ルスカ以外の全員が動けないでいる中、厄災と呼ばれた男は、なんてことなさそうに話の続きを始める。
「エリアも含め、貴方たちが来るのは想定外でした。ですがもう恐れるものはありません。なぜならワタシは、厄災の力を手に入れたからです」
「それは手に入れたんじゃなくて飲まれただけだろ。自分が誰だか分かってんのか?」
自慢気にそう話す男は、ルスカの突っ込みに
「確かに以前の私の自我はなくなりましたが、引き継ぎには成功しました。よって私もワタシもさして変わらないでしょう。ただ成長し、強くなっただけですよ」
「ホントお前は出鱈目だな。頭がないなら宿主の情報を使うなんて、自我なんてないも同然じゃねえか」
厄災の大半は、世界の中心部にして大穴である深淵へと封印されている。よって厄災の残骸たちは、本能のみで復活を目指す有象無象なのだ。だが稀にこうやって、宿主の情報などを使って自我を得る場合があった。
「意思と情報さえ継げればワタシはそれでいいんですよ。それ以外は宿主のままで一切構いません。ですからワタシの目的も何一つ変わっていません」
厄災の因子が入り、自分という存在が再構成されたとは言え、結局主軸は元のままなのでもちろんこうなる。逆に厄災分の力が手に入り厄介になっているぐらいだ。
「だそうだ。じゃ、叩き潰すか。それでいいよな?」
「え、ええ。そうしないとこの世界がヤバいからね」
ルスカの言葉に、エリアが反応し了承を得る。
「ルスカ、貴方は厄災とは友人だったと記憶していますが?」
「いや違うな。オレの友は厄災本体の古内だけだ。混じり物のお前なんかじゃない」
「そうですか。では、死になさい」
男がそう言うと、改竄により余裕が生まれた三体の複製体がルスカたちに襲いかかる。
「なッ!?」
「ナメすぎだ。オレの足止めをしたきゃ本物連れてこい」
「そうね。この程度じゃ相手にならないわよ」
「ま、そう言うことよ」
ルスカ、エリア、レイにより一瞬で消し飛ばされた三体に驚く男。
「複製体とは言え、歴代最強の魔王と勇者、それに大英雄なんですよ!」
「オレたちは一度相手したことがあるんだ。大体の事は分かってる。そんな相手に……と言うか、それより明らかに弱い相手に手こずるとでも?」
ルスカは威圧を放ちながら、男に近づく。それに対し男は、ルスカから離れるように少し後ずさり、後方で構えている妖魔聖蟲のことを思い出して引き下がれなくなる。
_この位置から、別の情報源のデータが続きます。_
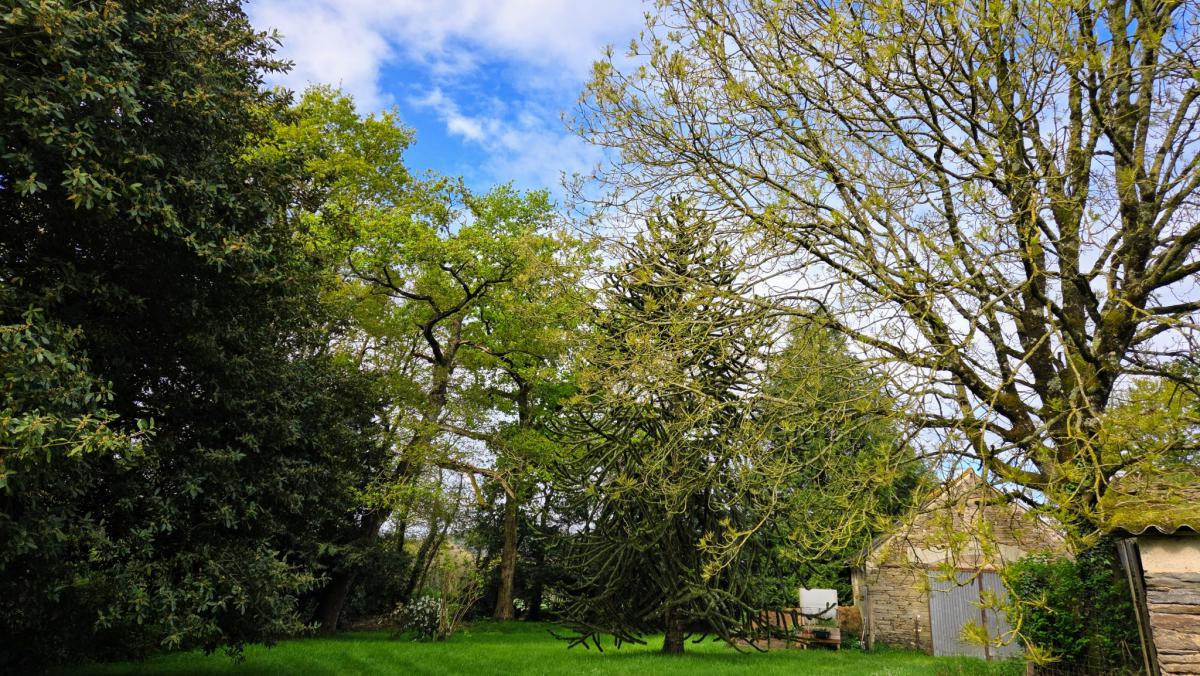 Campagne longère et dépendances possible gîte 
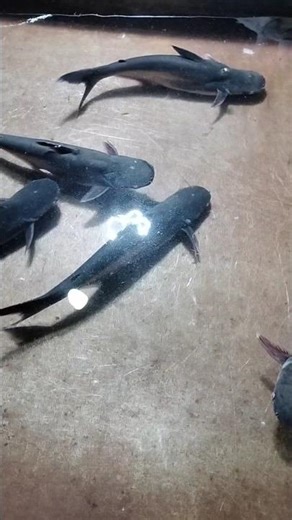 मछली #amazingfishing #fish #fishing 🎣🎣🎣😱😱😱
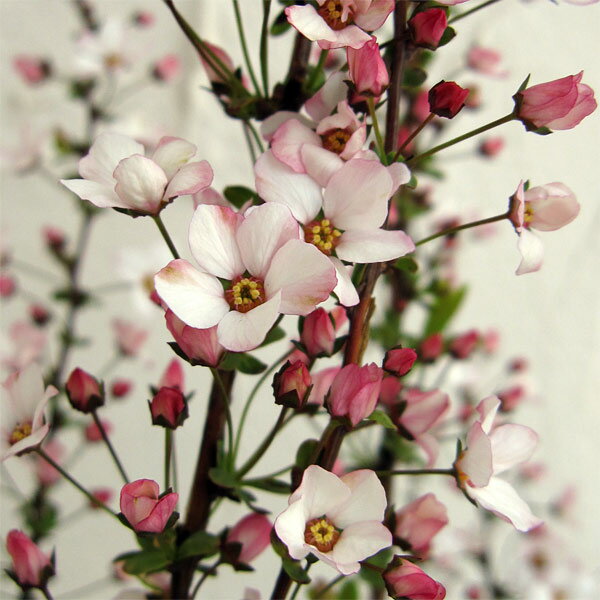 ���� ���ڤ���/�業��ʥ��������ˡ��ԥ�4��5��ݥå�5�����å�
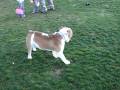 videos de POPEYE- English Bulldog!!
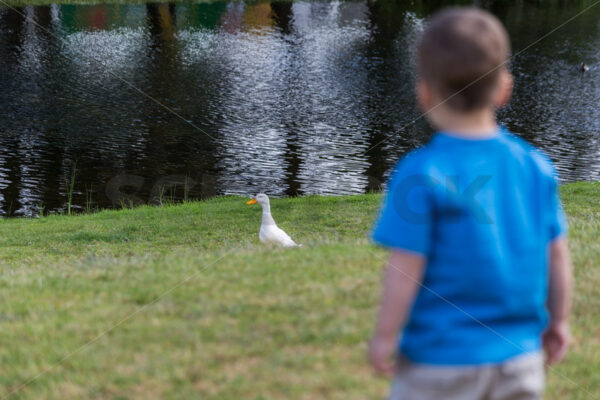 A young boy watching a white Duck next to a pond, New Zealand - SCP Stock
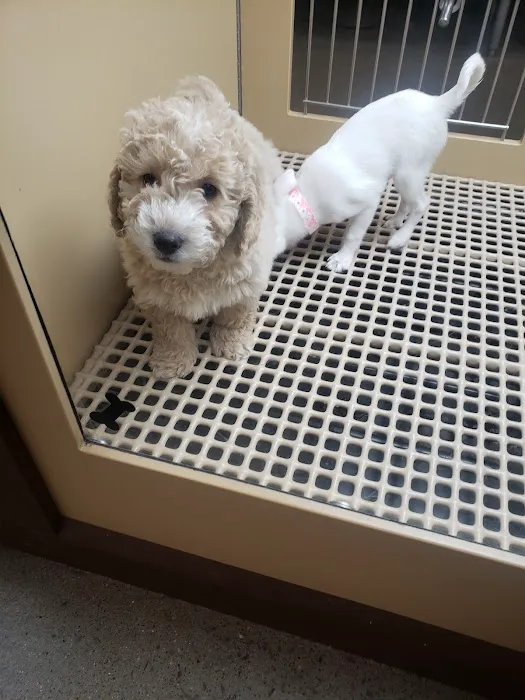 Petland Murfreesboro Picture 4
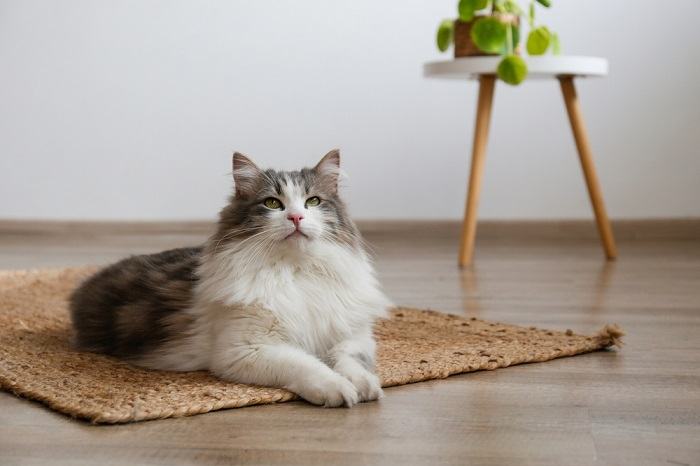 Chat assis gracieusement sur un tapis, incarnant un sentiment de calme et d'élégance dans son environnement.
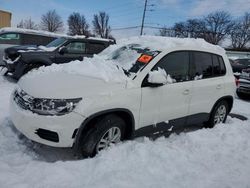 Salvage cars for sale at Moraine, OH auction: 2013 Volkswagen Tiguan S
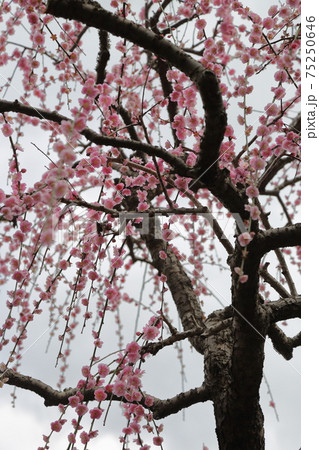 風情あふれるしだれ梅の庭園　掛川　龍尾神社 75250646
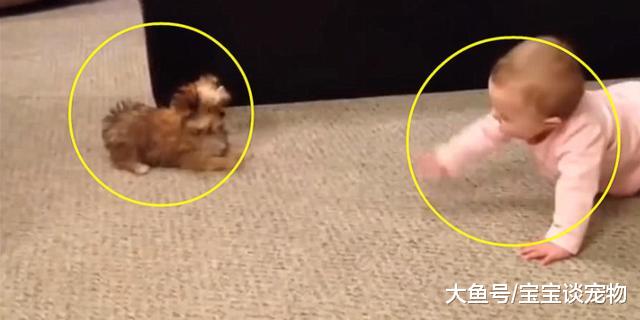 小狗狗第一次看到小主人，他俩趴地上这样交流，全家都快笑喷了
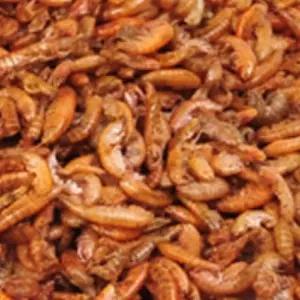 (30g) 거북이밥 건조새우 거북이사료 사료먹이 거북이 거북이밥 거북이사료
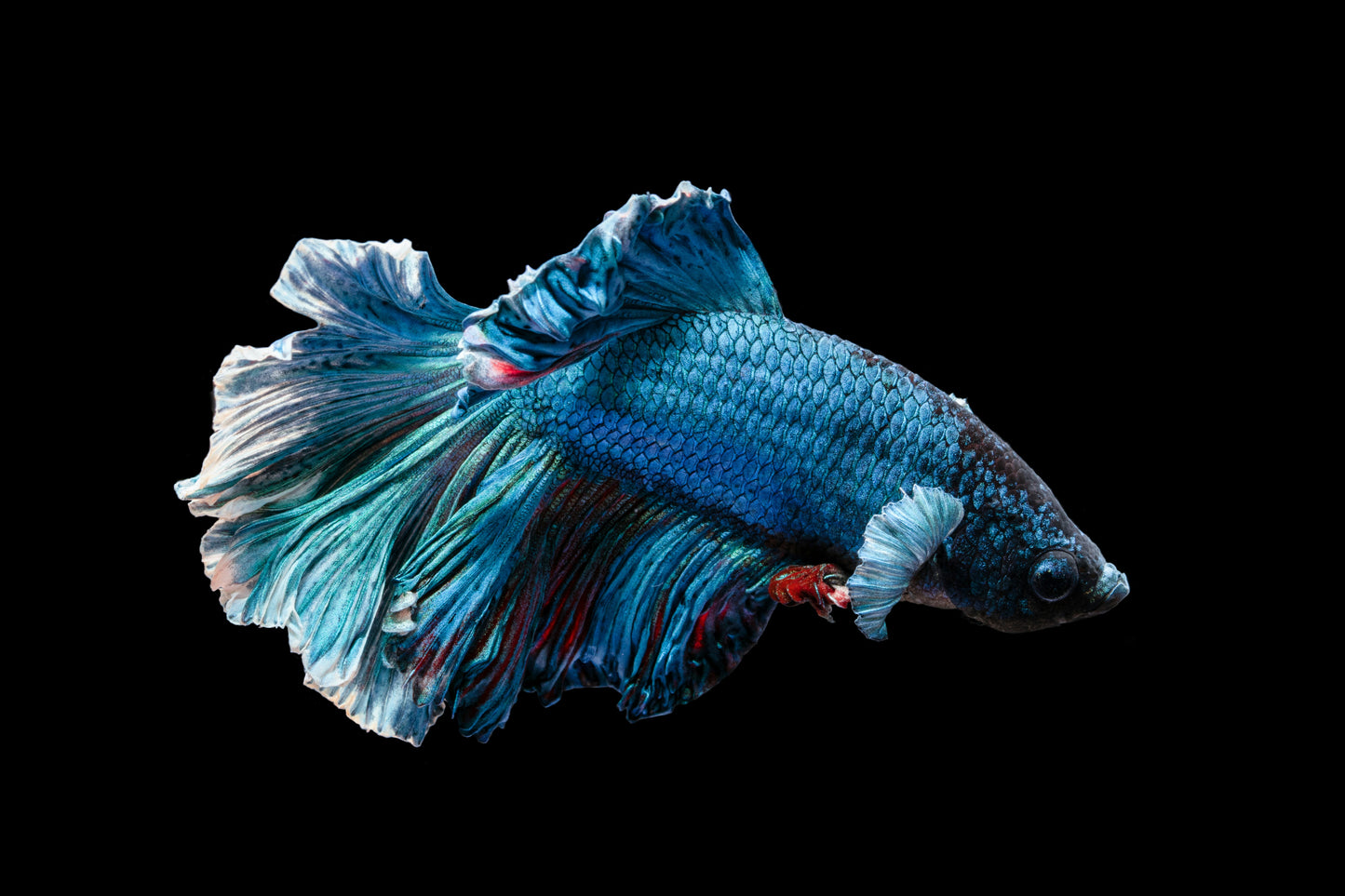 Assorted Betta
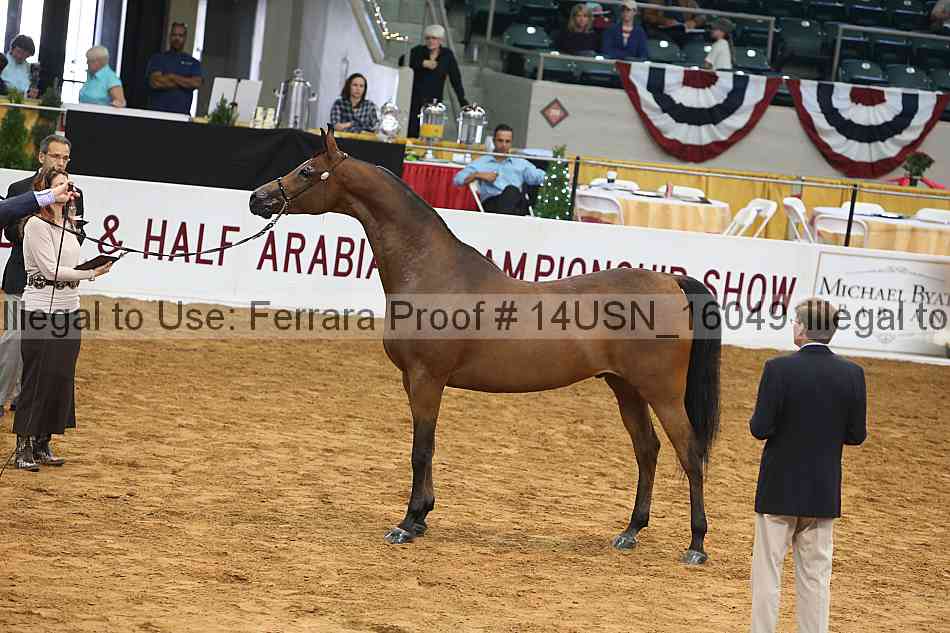 Proof 14usn_16049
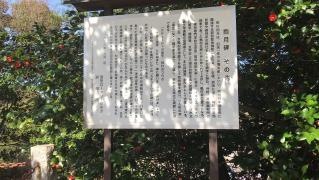 浜田城跡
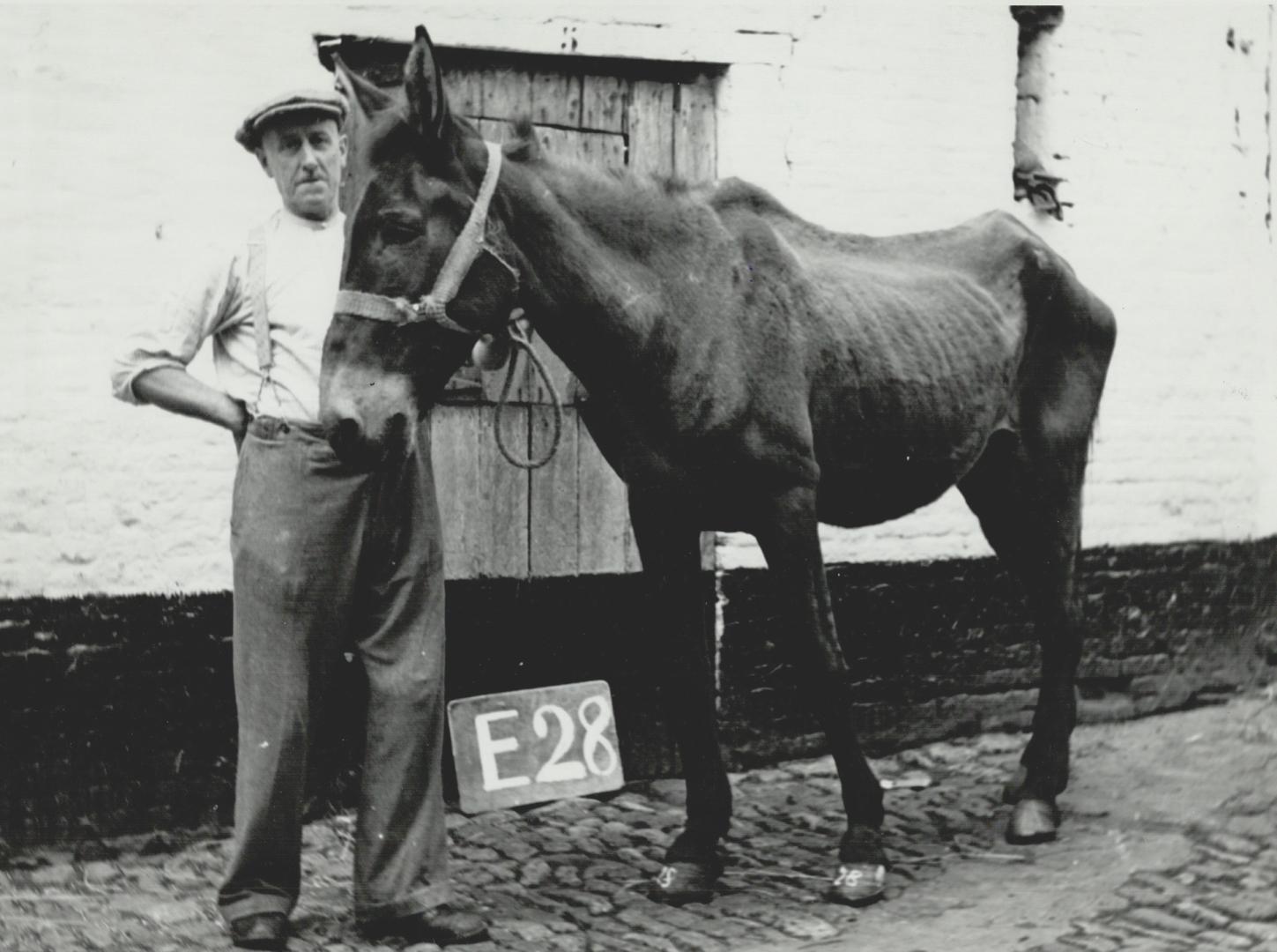 American mule rescued from suffering by [Incomplete]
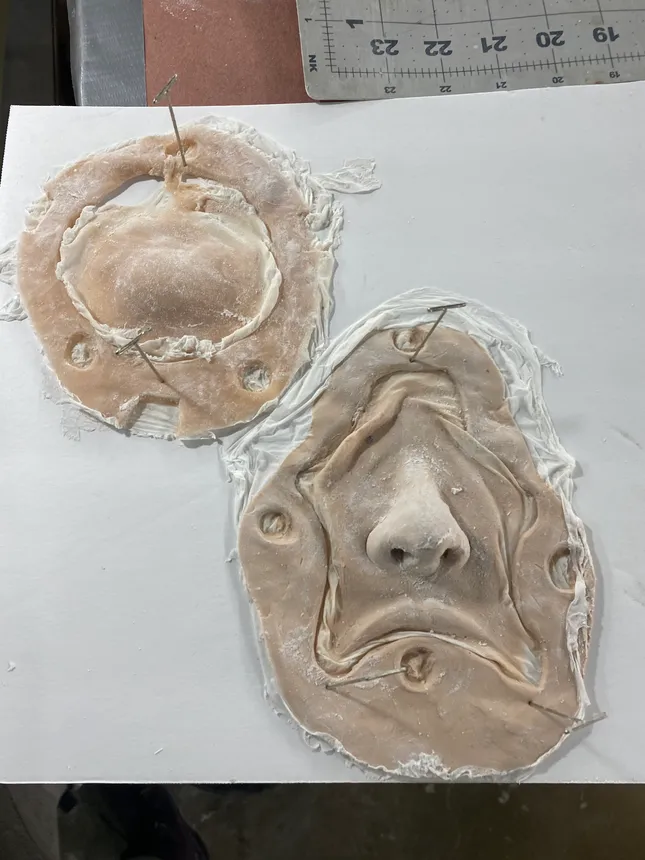 Project image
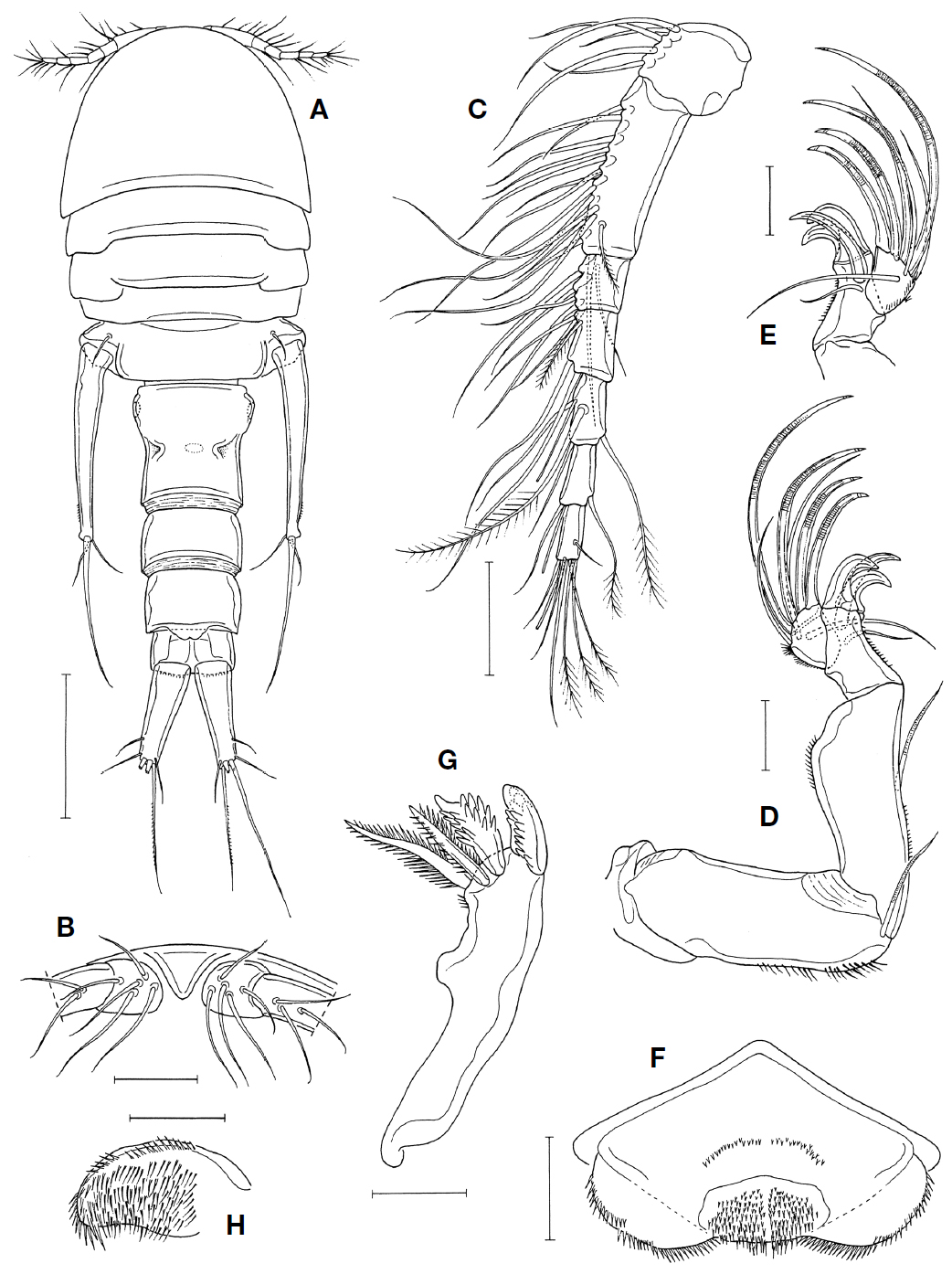 Hamaticyclops ahni n. gen. n. sp., female. A, Habitus, dorsal; B, Rostral area, ventral; C, Antennule; D, Antenna; E, Distal part of antenna; F, Labrum; G, Mandible; H, Paragnath. Scale bars=0.5 mm (A), 0.1 mm (B, C), 0.05 mm (D-H).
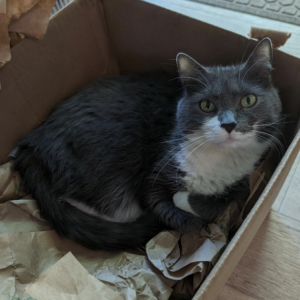 Lost Cat Peanut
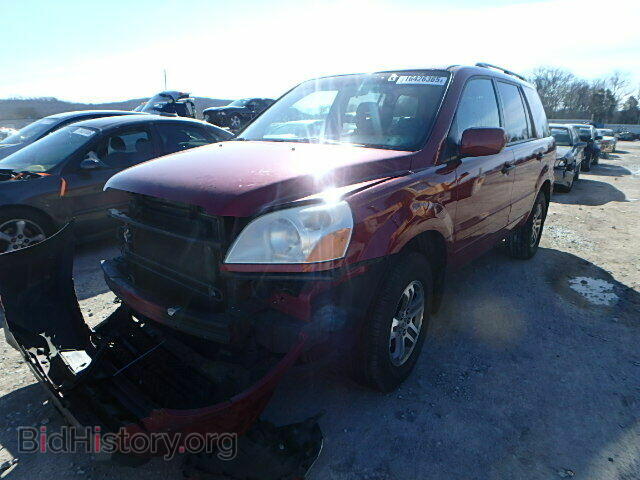 2005 HONDA PILOT - VIN: 5FNYF18695B018425 - Фото 2
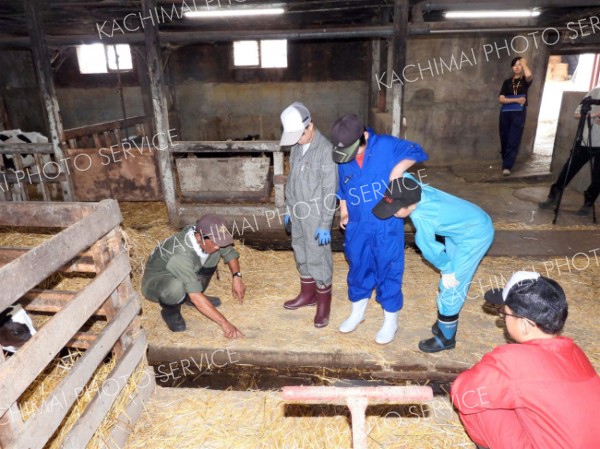 「子牛のミルクやり、やりがいある」　町内の小学生が民泊で酪農体験　浦幌町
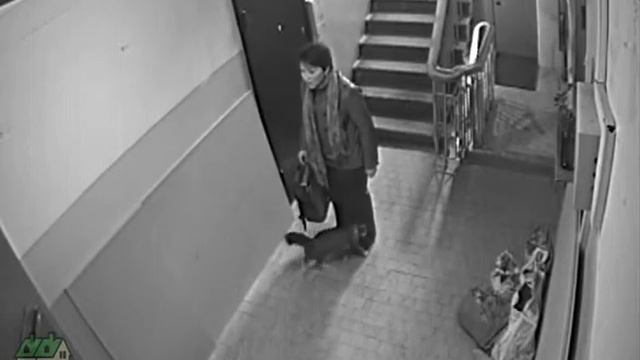 Поможем, чем сможем смотреть онлайн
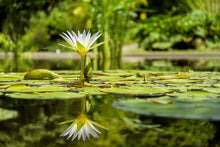 Laden Sie das Bild in den Galerie-Viewer, Fototapete Seerose in der Natur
「ま、まぁいいでしょう。そもそも、転生神がくれたものだからと安易に期待したワタシが悪いのです。ここでワタシがすべて始末すればいい話ですよ」
「へ~、確かにエネルギー量も出力も大したもんだな。だけど、安定性に欠けるな。何発か殴ったら勝手に崩壊しそうだ。こんな……」
男は、禍々しい波動を撒き散らし、その場にいる全員を圧倒するほど強大な力を見せつける。しかしルスカは、煙たそうに攻撃を仕掛けようとしていた。
「ちょっとルスカ。アレは私の獲物よ。ケリはワタシがつけなきゃダメなの」
「エリアのそういうところ、真面目だな」
「いつものことでしょう?エリアに任せましょう」
「なにを……ッ!?」
そうしてエリアは異界を展開し、男と自分だけを異界へと放り込んだ。
「ここならホンキを出せるわ。邪魔ものなんていないもの」
「……後悔しても遅いですよ?」
そうして二人の最終決戦が幕を開けたのだった。